Scope 3 emissions
As the climate emergency intensifies and its effects become increasingly tangible across the world, a shift towards sustainable development and a circular economy is necessary. Within this context, companies worldwide are required to calculate the greenhouse gas (GHG) emissions connected to their supply chains, target a net-zero horizon, and reduce emissions accordingly.
However, estimating emissions is a difficult task. In order to accurately quantify them, emissions are divided into three categories, or scopes. Scope 1 and 2 encompass a company’s direct and indirect emissions, such as fuel combustion and electricity or heating usage.

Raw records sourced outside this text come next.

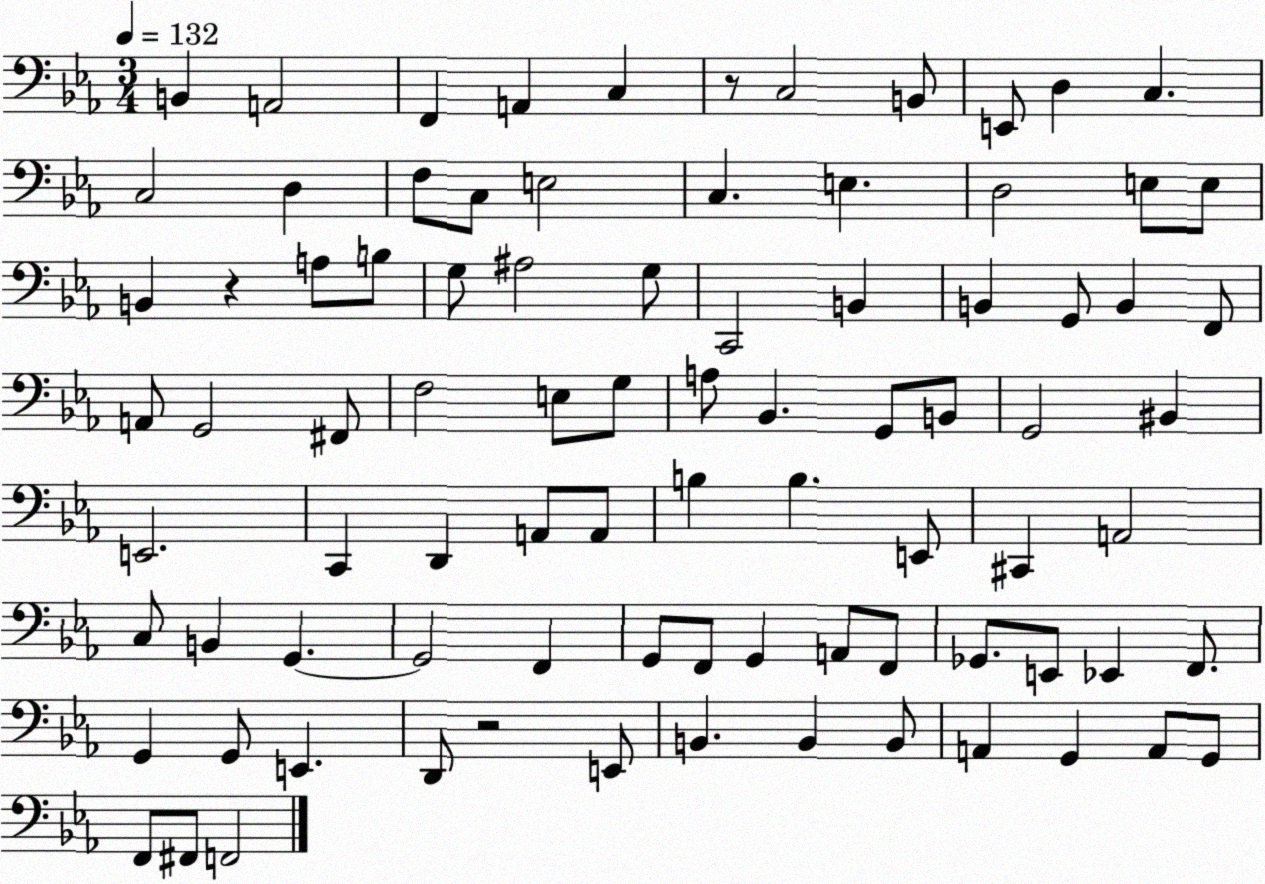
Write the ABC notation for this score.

X:1
T:Untitled
M:3/4
L:1/4
K:Eb
B,, A,,2 F,, A,, C, z/2 C,2 B,,/2 E,,/2 D, C, C,2 D, F,/2 C,/2 E,2 C, E, D,2 E,/2 E,/2 B,, z A,/2 B,/2 G,/2 ^A,2 G,/2 C,,2 B,, B,, G,,/2 B,, F,,/2 A,,/2 G,,2 ^F,,/2 F,2 E,/2 G,/2 A,/2 _B,, G,,/2 B,,/2 G,,2 ^B,, E,,2 C,, D,, A,,/2 A,,/2 B, B, E,,/2 ^C,, A,,2 C,/2 B,, G,, G,,2 F,, G,,/2 F,,/2 G,, A,,/2 F,,/2 _G,,/2 E,,/2 _E,, F,,/2 G,, G,,/2 E,, D,,/2 z2 E,,/2 B,, B,, B,,/2 A,, G,, A,,/2 G,,/2 F,,/2 ^F,,/2 F,,2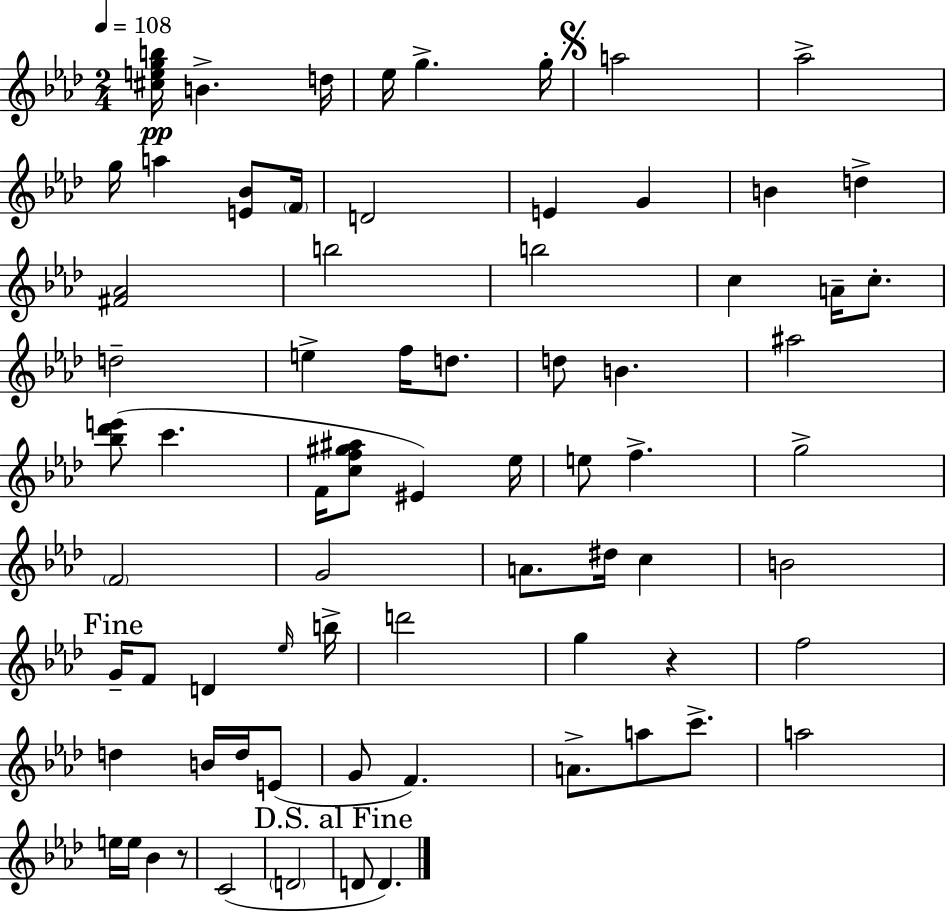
[C#5,E5,G5,B5]/s B4/q. D5/s Eb5/s G5/q. G5/s A5/h Ab5/h G5/s A5/q [E4,Bb4]/e F4/s D4/h E4/q G4/q B4/q D5/q [F#4,Ab4]/h B5/h B5/h C5/q A4/s C5/e. D5/h E5/q F5/s D5/e. D5/e B4/q. A#5/h [Bb5,Db6,E6]/e C6/q. F4/s [C5,F5,G#5,A#5]/e EIS4/q Eb5/s E5/e F5/q. G5/h F4/h G4/h A4/e. D#5/s C5/q B4/h G4/s F4/e D4/q Eb5/s B5/s D6/h G5/q R/q F5/h D5/q B4/s D5/s E4/e G4/e F4/q. A4/e. A5/e C6/e. A5/h E5/s E5/s Bb4/q R/e C4/h D4/h D4/e D4/q.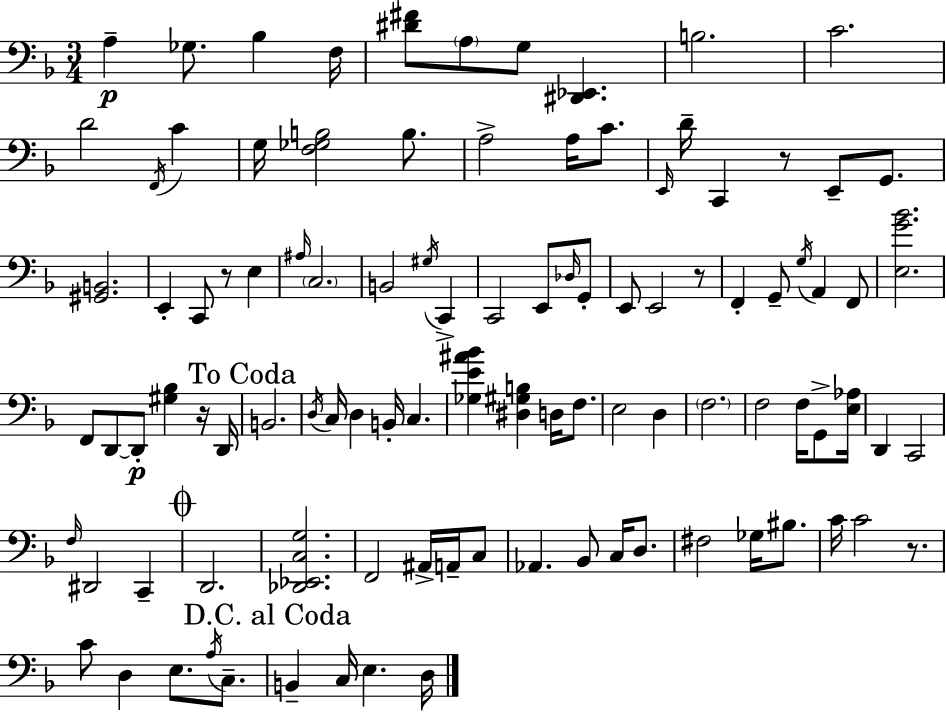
X:1
T:Untitled
M:3/4
L:1/4
K:Dm
A, _G,/2 _B, F,/4 [^D^F]/2 A,/2 G,/2 [^D,,_E,,] B,2 C2 D2 F,,/4 C G,/4 [F,_G,B,]2 B,/2 A,2 A,/4 C/2 E,,/4 D/4 C,, z/2 E,,/2 G,,/2 [^G,,B,,]2 E,, C,,/2 z/2 E, ^A,/4 C,2 B,,2 ^G,/4 C,, C,,2 E,,/2 _D,/4 G,,/2 E,,/2 E,,2 z/2 F,, G,,/2 G,/4 A,, F,,/2 [E,G_B]2 F,,/2 D,,/2 D,,/2 [^G,_B,] z/4 D,,/4 B,,2 D,/4 C,/4 D, B,,/4 C, [_G,E^A_B] [^D,^G,B,] D,/4 F,/2 E,2 D, F,2 F,2 F,/4 G,,/2 [E,_A,]/4 D,, C,,2 F,/4 ^D,,2 C,, D,,2 [_D,,_E,,C,G,]2 F,,2 ^A,,/4 A,,/4 C,/2 _A,, _B,,/2 C,/4 D,/2 ^F,2 _G,/4 ^B,/2 C/4 C2 z/2 C/2 D, E,/2 A,/4 C,/2 B,, C,/4 E, D,/4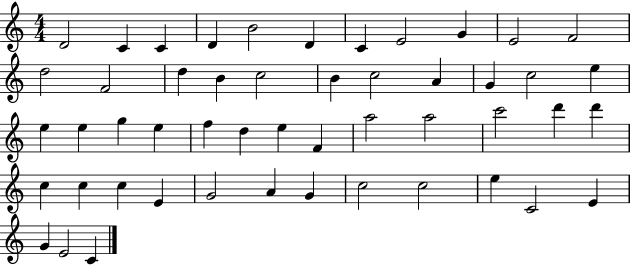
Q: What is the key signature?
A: C major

Scope 3 includes emissions generated by activities not controlled (and potentially not even known) by the given company and typically represent the lion share, up to ~95% of the total for Mondelez in 2021. To complicate things further, scope 3 emissions can be both upstream and downstream of the company. For example, emissions resulting from the production of raw materials that a company buys to generate its product are considered upstream, while the ones related to the disposal of a product when it reaches the end of its life are considered downstream.
Scope 3 emissions constitute the majority of the total GHG emissions of a company.

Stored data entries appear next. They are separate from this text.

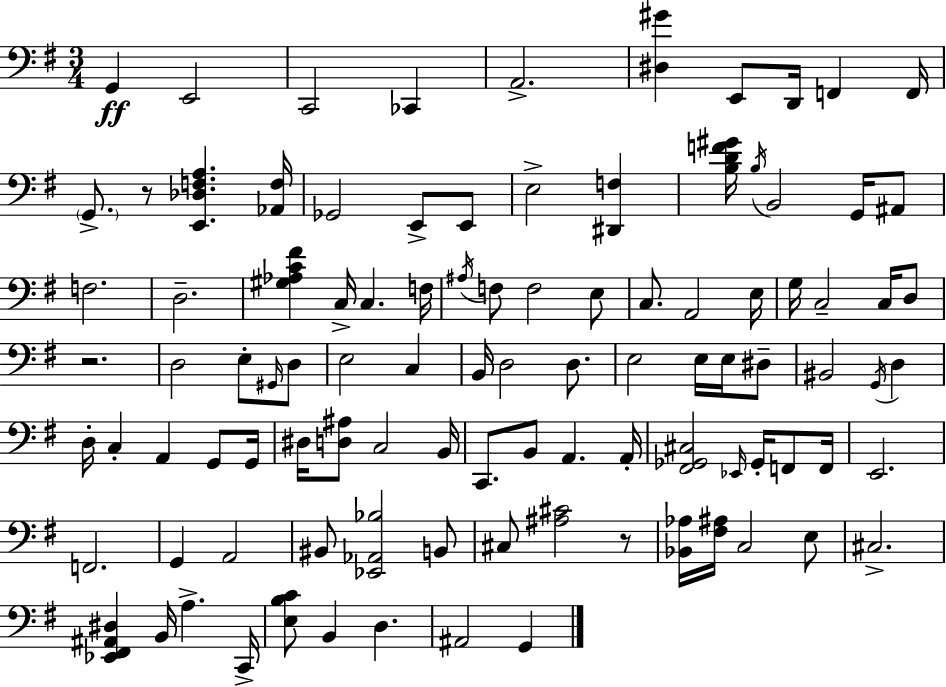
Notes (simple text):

G2/q E2/h C2/h CES2/q A2/h. [D#3,G#4]/q E2/e D2/s F2/q F2/s G2/e. R/e [E2,Db3,F3,A3]/q. [Ab2,F3]/s Gb2/h E2/e E2/e E3/h [D#2,F3]/q [B3,D4,F4,G#4]/s B3/s B2/h G2/s A#2/e F3/h. D3/h. [G#3,Ab3,C4,F#4]/q C3/s C3/q. F3/s A#3/s F3/e F3/h E3/e C3/e. A2/h E3/s G3/s C3/h C3/s D3/e R/h. D3/h E3/e G#2/s D3/e E3/h C3/q B2/s D3/h D3/e. E3/h E3/s E3/s D#3/e BIS2/h G2/s D3/q D3/s C3/q A2/q G2/e G2/s D#3/s [D3,A#3]/e C3/h B2/s C2/e. B2/e A2/q. A2/s [F#2,Gb2,C#3]/h Eb2/s Gb2/s F2/e F2/s E2/h. F2/h. G2/q A2/h BIS2/e [Eb2,Ab2,Bb3]/h B2/e C#3/e [A#3,C#4]/h R/e [Bb2,Ab3]/s [F#3,A#3]/s C3/h E3/e C#3/h. [Eb2,F#2,A#2,D#3]/q B2/s A3/q. C2/s [E3,B3,C4]/e B2/q D3/q. A#2/h G2/q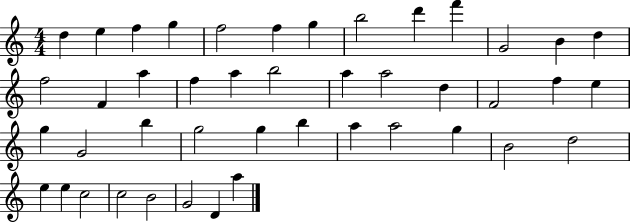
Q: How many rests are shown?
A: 0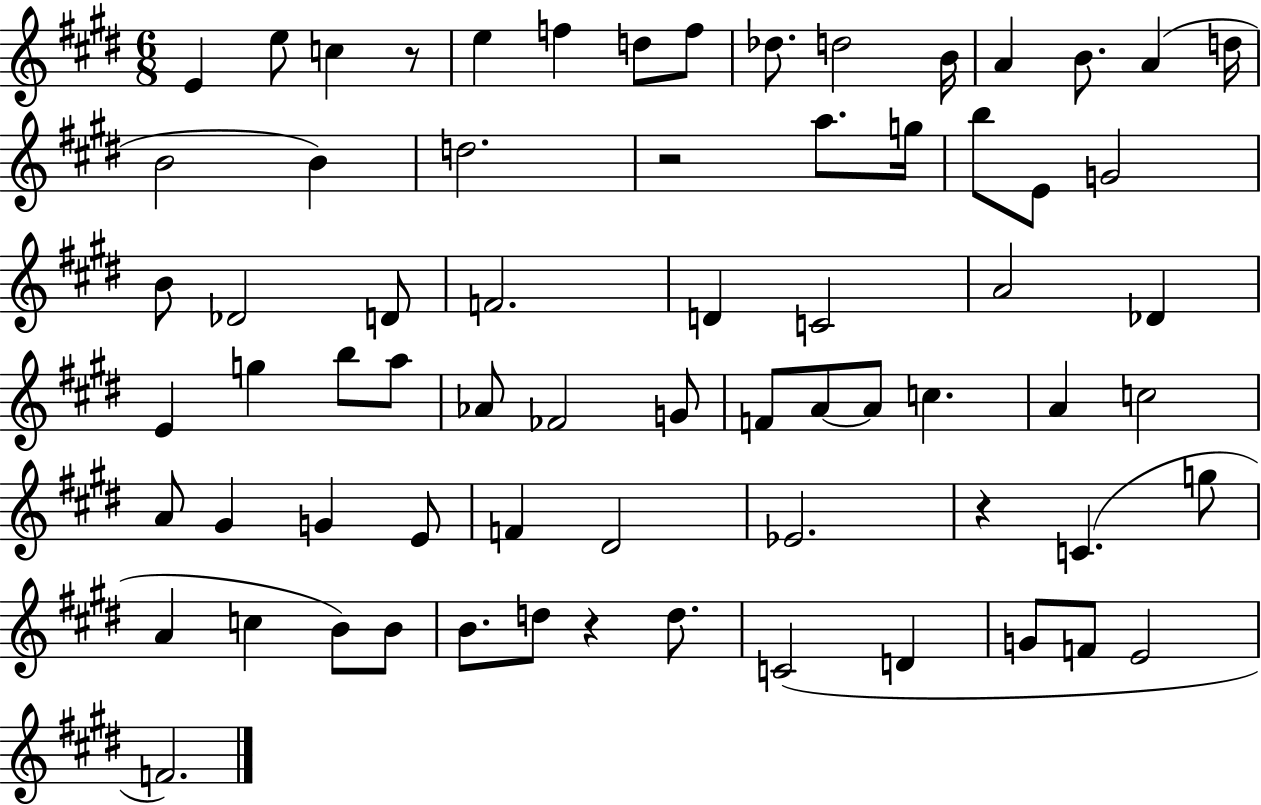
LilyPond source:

{
  \clef treble
  \numericTimeSignature
  \time 6/8
  \key e \major
  e'4 e''8 c''4 r8 | e''4 f''4 d''8 f''8 | des''8. d''2 b'16 | a'4 b'8. a'4( d''16 | \break b'2 b'4) | d''2. | r2 a''8. g''16 | b''8 e'8 g'2 | \break b'8 des'2 d'8 | f'2. | d'4 c'2 | a'2 des'4 | \break e'4 g''4 b''8 a''8 | aes'8 fes'2 g'8 | f'8 a'8~~ a'8 c''4. | a'4 c''2 | \break a'8 gis'4 g'4 e'8 | f'4 dis'2 | ees'2. | r4 c'4.( g''8 | \break a'4 c''4 b'8) b'8 | b'8. d''8 r4 d''8. | c'2( d'4 | g'8 f'8 e'2 | \break f'2.) | \bar "|."
}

Source: GHG Protocol scope 3 report, page 5
At Satelligence, we are committed to a deforestation-free world. We help companies in agricultural commodity supply chains to achieve sustainable practices by understanding the deforestation and emission risks in their supply chains.
When working with commodities such as palm oil, cocoa, or soy, emissions related to land use change — mainly clear-cutting of primary forest to plant commodity trees — represent the largest contribution of a company’s emissions. The Hershey Company, a global giant in chocolate manufacturing, reports that land-use change emissions account for an estimated 42% of their scope 3 emissions and 38% of their total GHG emissions.
When reporting on their scope 3 share, many companies such as Lindt have had to rely on country- or industry-based GHG emission factors, which represent an average and are not necessarily related to any specific company activity. Additionally, or alternatively, some companies have quantified emissions related to land use change by overlaying their sourcing areas with publicly available tree cover and forest change maps; this allows carbon emissions to be calculated from a baseline year, typically 20 years back in time. However, this method is problematic since it uses tree cover instead of forest cover, thus grossly overestimating historical deforestation rates.
Up-to-date and accessible forest baseline definition and commodity production area data are critical in order to consistently monitor and quantify emissions related to land use change on a yearly basis at high spatial resolution.
GEDI – Measuring forest carbon stocks from space
In 2018, a one-in-a-kind instrument was installed on the International Space Station: GEDI (Global Ecosystems Dynamics Investigation). A joint mission between NASA and the University of Maryland, GEDI is the first spaceborne lidar sensor to be deployed specifically for forest monitoring (Dubayah et al., 2020). Three infrared lasers measure the 3D structure of the Earth’s forests between 51.6 degrees north and south by sampling forest canopy height and its vertical structure within 25 m ground footprints.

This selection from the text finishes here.